我以為自己的優點是很能忍耐,因為忍耐讓我取得了比自身能力更大的成就。但為什麼我要忍耐超出自己極限的事情呢?難道是因為我覺得只有這樣才能證明自己嗎?我不再享受生活,而是把生活看成了克服困難的修行。這種狀況是從何時開始的呢?生活成了多到堆至天花板的、又難又無趣的練習冊,必須解答、製作錯題本、參加考試和打分。我甚至覺得生活就像一場生存遊戲。我一直都在想方設法證明自己。當某種成就無法證明的時候,就會覺得自己等同於毫無價值的垃圾。這樣的信念使我絕望,同時也促使我付出了更多的努力。那些存在本身就具備意義和價值的人根本不需要證明自己,然而我從出生就不是那樣的人。(崔恩榮《朗夜》頁164,胡椒筒譯)

但外婆卻覺得很不安。在不警惕、不緊張、認為不會發生任何事、覺得擺脫悲觀的想法,並享受當下的時候,大難臨頭的不安就會湧上心頭。外婆覺得,所謂的人生就是當你戰戰兢兢,擔心會有壞事發生時,反倒什麼事也沒有。但等你安心下來,毫無防備的時候,它就會從背後偷襲你。不幸似乎很喜歡在人們勉強覺得可以喘口氣、可以活下去的時候找上門。(崔恩榮《朗夜》頁208,胡椒筒譯)

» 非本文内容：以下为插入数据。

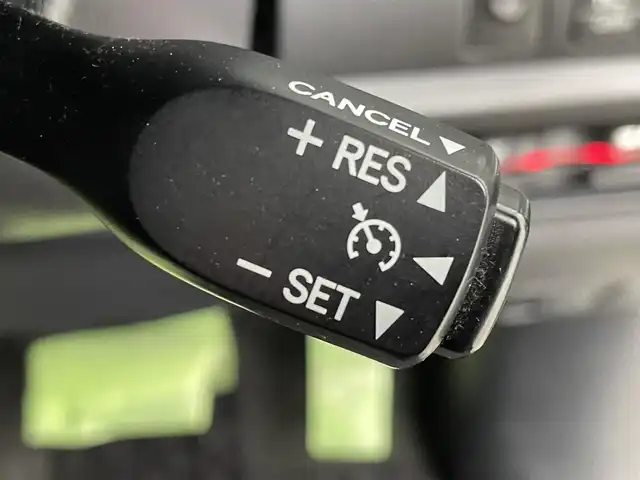 トヨタ ヴォクシー ZS 煌Ⅱ 群馬県 2019(平31)年 5.1万km ホワイトパールクリスタルシャイン 禁煙車　純正７型ナビ　アルパインフリップダウンモニター　バックカメラ　両側パワースライドドア　オートクルーズコントロール　ETC　衝突軽減　アイドリングストップ　スマートキー　プッシュスタート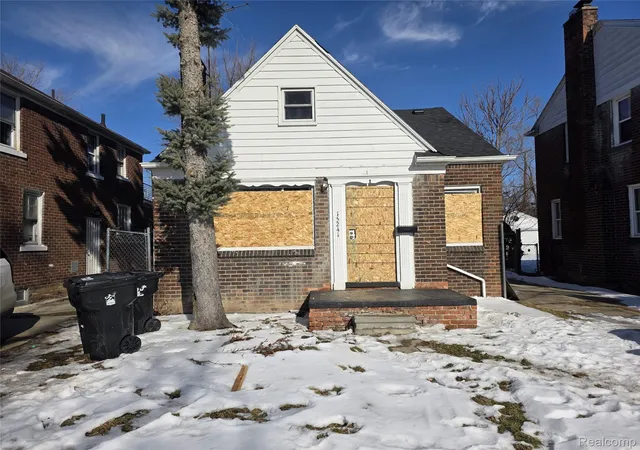 1st image of 15241 Seymour St, Detroit, MI 48205 | MLS# 20261009055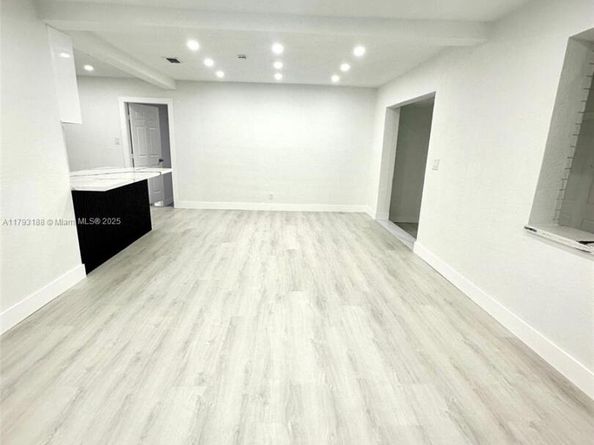 145 NW 2nd St, Dania Beach FL 33004
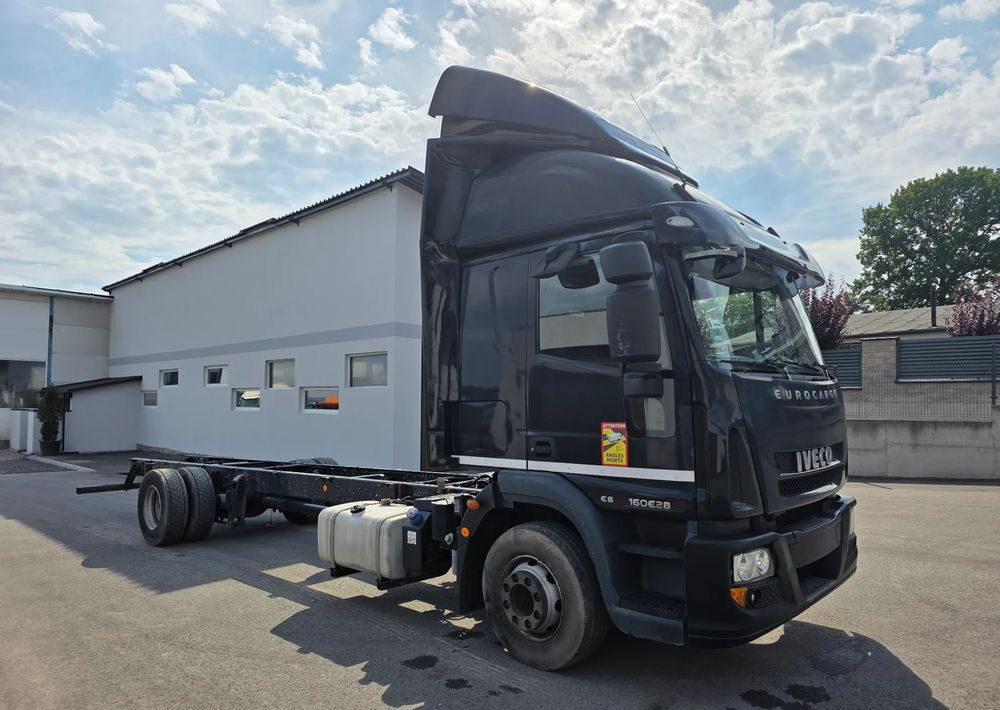 Iveco EUROCARGO 160E28 RAMA DO ZABUDOWY/ LAWETA / MANUAL / - Curtainsider truck: picture 2 Iveco EUROCARGO 160E28 RAMA DO ZABUDOWY/ LAWETA / MANUAL / - Curtainsider truck: picture 2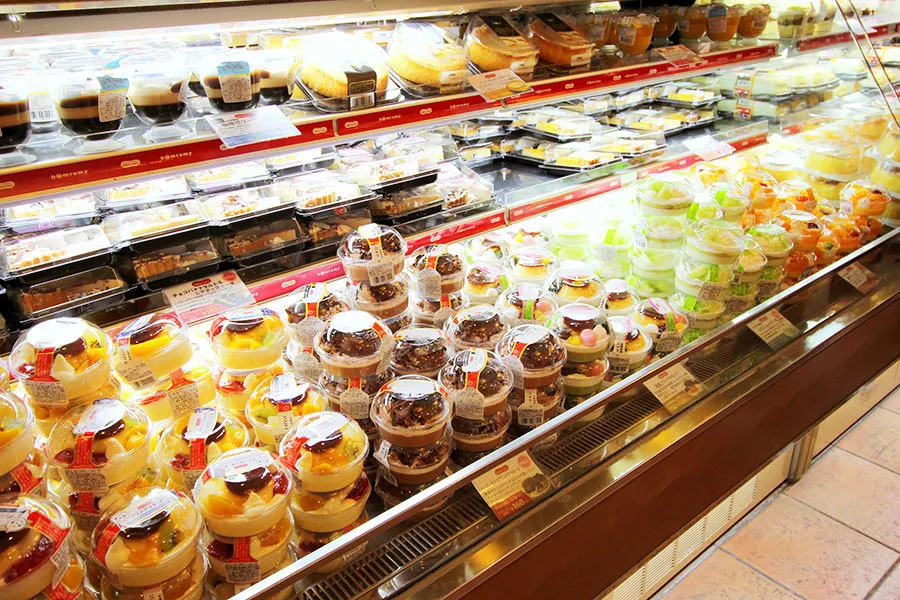 【激安注意】コンビ二スイーツが30％オフ！？ ロールケーキ、プリンetc.コスパ最強スイーツショップ「ドンレミー」レポ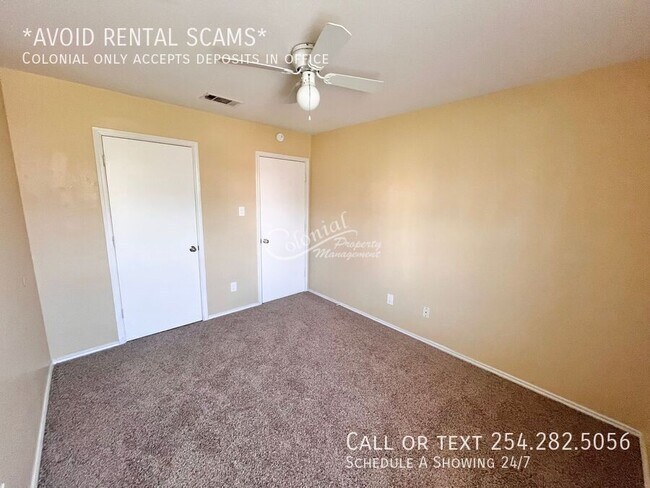 Building Photo - 1703 Benttree Dr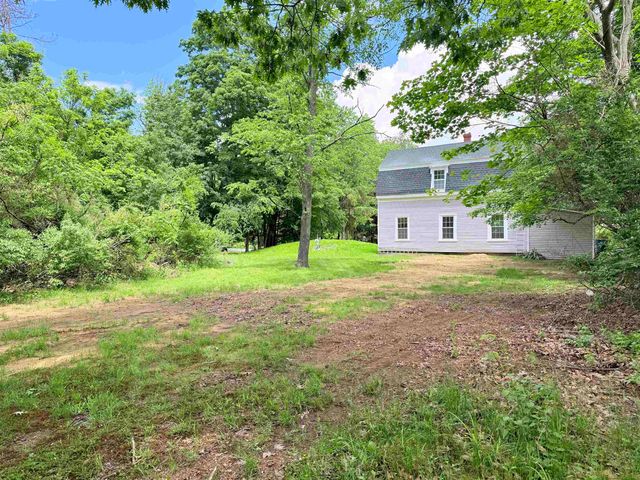 19 Depot Road, Kingston, NH 03848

韓國文學對現實的介入,尤其從個人生存的景況著手,可以附耳人心,聽見搏動之掙扎與意念之幽晦,惻怛得以釋然;展讀其間,逕生無可能境地的勇氣,彷彿螢火牽引,星點周身。這般慰藉,是心聲的共鳴;肯認痛楚,與當下和解。

同樣受儒教浸染,籠罩,亦以倫理構建人際文明的日本,在其文學裡所見證的個人處境,相較之下,更傾向智性意涵的關注,關於腦海裡的風暴,描摹梳理,對「心思」的機能性探究,如何調動,測度,安放;因應布置,流轉於理解的眼神,默會接收,儼然外顯為一種美學。

這全然是湊巧體會,我讀畢《朗夜》,接著便看櫻木紫乃與MIKA OZAWA合著繪本作品《即使某天忘了你》。兩書都寫家族女性之迭代,某種程度上,也展示出日韓文學的差異色彩;他們帶來的感知是如此不同。

這年頭,服貼人心的,如同一張椅墊,一隅臨窗角落,一霎可以回過頭去的罅隙,觸接無可告人,難以伸張,太委屈的日常時刻。我在韓國文學裡,確實感受到那樣對「當下」最直接的回應了。